What the task asks
Below are the records. Retype exactly the lines between the lines holding "Slide: The Image" and "S'mores shot with", inclusive.

Provided material

• • •

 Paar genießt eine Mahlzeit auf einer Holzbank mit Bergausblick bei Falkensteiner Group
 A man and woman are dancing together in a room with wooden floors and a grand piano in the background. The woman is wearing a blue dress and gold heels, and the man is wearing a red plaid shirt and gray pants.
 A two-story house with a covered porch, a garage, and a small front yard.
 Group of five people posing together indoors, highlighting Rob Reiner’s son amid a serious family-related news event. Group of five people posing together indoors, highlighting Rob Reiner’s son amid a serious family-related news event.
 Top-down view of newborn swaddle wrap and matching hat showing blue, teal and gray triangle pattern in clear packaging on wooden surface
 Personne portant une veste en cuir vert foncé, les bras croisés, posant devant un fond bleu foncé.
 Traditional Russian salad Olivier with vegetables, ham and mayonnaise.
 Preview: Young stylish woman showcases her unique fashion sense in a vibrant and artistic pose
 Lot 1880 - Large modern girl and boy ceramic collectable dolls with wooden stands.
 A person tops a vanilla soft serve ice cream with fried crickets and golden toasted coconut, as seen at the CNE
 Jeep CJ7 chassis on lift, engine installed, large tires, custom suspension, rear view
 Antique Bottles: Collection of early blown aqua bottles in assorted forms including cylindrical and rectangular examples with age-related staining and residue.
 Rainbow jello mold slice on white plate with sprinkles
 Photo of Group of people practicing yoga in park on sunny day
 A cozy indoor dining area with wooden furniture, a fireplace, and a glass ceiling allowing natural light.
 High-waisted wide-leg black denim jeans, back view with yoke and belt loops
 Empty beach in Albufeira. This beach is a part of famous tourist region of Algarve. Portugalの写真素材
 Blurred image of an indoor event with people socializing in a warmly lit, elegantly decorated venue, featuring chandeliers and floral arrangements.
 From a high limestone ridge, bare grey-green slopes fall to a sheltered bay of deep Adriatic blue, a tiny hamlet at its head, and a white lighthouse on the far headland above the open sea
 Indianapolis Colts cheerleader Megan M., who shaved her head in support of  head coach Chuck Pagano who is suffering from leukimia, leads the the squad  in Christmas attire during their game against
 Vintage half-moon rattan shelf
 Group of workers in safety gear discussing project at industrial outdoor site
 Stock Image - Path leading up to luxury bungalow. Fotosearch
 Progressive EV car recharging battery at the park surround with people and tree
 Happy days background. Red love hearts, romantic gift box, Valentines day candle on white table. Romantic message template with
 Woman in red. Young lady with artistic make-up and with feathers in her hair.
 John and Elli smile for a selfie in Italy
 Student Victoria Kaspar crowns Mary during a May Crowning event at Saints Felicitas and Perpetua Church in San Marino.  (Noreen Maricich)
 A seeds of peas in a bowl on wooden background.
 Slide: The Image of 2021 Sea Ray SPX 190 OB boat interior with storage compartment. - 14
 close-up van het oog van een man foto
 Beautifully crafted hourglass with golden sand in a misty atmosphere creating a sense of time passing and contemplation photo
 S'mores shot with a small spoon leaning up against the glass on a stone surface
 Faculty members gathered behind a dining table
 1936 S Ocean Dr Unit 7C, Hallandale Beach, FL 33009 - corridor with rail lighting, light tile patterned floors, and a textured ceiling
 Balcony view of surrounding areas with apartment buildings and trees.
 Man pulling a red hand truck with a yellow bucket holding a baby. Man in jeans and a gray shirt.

• • •

Exercise result
 Slide: The Image of 2021 Sea Ray SPX 190 OB boat interior with storage compartment. - 14
 close-up van het oog van een man foto
 Beautifully crafted hourglass with golden sand in a misty atmosphere creating a sense of time passing and contemplation photo
 S'mores shot with a small spoon leaning up against the glass on a stone surface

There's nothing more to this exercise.